On assiste, indubitablement, à un réveil des nationalismes. Ce phénomène peut paraître paradoxal à l’ère de la mondialisation. Au contraire, il s’agit sans doute en partie d’une réaction contre cette mondialisation où les populations craignent de perdre leur identité. Mais on sait qu’un autre phénomène a favorisé ces réveils : la fin de la logique des Blocs (Est-Ouest) a libéré des revendications nationales longtemps gelées ou étouffées au nom de cette logique.

Ce qui est plus curieux, c’est que ces aspirations nationalistes se sont exprimées sous des formes religieuses, même dans des pays largement athées. Certes, pour les pays de l’ancienne URSS en tout cas, le retour à la liberté religieuse faisait partie de leur libération tout court mais économistes et stratèges auraient plutôt donné la priorité à l’indépendance économique et militaire. Or, précisément à ces niveaux-là (qui font la vraie indépendance, croit-on), ces mêmes pays se sont empressés de s’intégrer à des Alliances (du type Union Européenne ou OTAN) leur ôtant une grande part de cette indépendance ! Il est également intéressant de constater que ces très rationnels arguments économiques et militaires n’ont pas émus ni motivé les populations concernées.

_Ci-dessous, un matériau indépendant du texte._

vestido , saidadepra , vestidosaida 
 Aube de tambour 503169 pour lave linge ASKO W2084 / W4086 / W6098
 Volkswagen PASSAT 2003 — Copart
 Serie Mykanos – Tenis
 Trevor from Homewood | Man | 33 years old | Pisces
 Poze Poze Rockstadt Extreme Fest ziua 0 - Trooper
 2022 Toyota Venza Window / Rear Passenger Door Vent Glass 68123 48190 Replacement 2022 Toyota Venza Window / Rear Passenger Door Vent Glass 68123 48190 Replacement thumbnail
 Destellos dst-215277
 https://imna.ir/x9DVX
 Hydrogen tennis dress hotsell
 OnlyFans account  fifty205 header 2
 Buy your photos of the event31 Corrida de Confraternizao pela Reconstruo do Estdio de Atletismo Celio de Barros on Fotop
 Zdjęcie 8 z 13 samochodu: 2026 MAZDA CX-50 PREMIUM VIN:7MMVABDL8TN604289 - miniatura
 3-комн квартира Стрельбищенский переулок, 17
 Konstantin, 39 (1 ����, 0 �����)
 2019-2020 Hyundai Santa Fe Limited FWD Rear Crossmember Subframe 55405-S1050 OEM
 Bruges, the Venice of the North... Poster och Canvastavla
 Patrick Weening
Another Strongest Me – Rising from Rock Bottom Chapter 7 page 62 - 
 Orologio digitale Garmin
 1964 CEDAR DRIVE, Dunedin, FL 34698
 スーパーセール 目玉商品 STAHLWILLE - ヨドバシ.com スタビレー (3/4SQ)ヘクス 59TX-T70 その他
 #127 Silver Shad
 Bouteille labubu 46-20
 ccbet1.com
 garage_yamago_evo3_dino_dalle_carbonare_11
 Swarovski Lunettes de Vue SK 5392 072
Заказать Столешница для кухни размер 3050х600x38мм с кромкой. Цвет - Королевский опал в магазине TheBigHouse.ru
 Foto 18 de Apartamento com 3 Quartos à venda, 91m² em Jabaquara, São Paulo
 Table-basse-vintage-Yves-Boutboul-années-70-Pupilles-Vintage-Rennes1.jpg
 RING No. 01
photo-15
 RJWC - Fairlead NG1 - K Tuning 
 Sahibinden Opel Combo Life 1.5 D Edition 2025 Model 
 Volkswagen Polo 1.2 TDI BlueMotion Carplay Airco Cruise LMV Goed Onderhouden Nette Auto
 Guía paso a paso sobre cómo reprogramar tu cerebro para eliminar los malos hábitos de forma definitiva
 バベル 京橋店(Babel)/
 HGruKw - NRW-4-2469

Il fallait retrouver la liberté. Cela passait par le rejet de l’ancien modèle (économie soviétique planifiée et Pacte de Varsovie) mais il n’y a pas eu de ferveur à adopter l’autre modèle (marché libre et OTAN). Au contraire, sauf dans les milieux financiers ou d’une nouvelle élite, la circonspection était grande et un passage progressif d’un modèle à un autre aurait été souhaité (et, sans doute, souhaitable). Par contre, l’identité religieuse (catholique, orthodoxe ou musulmane dans le cas des Balkans) a aussitôt, spontanément et largement, été adoptée et utilisée pour se reconstituer une identité nationale et se démarquer des autres.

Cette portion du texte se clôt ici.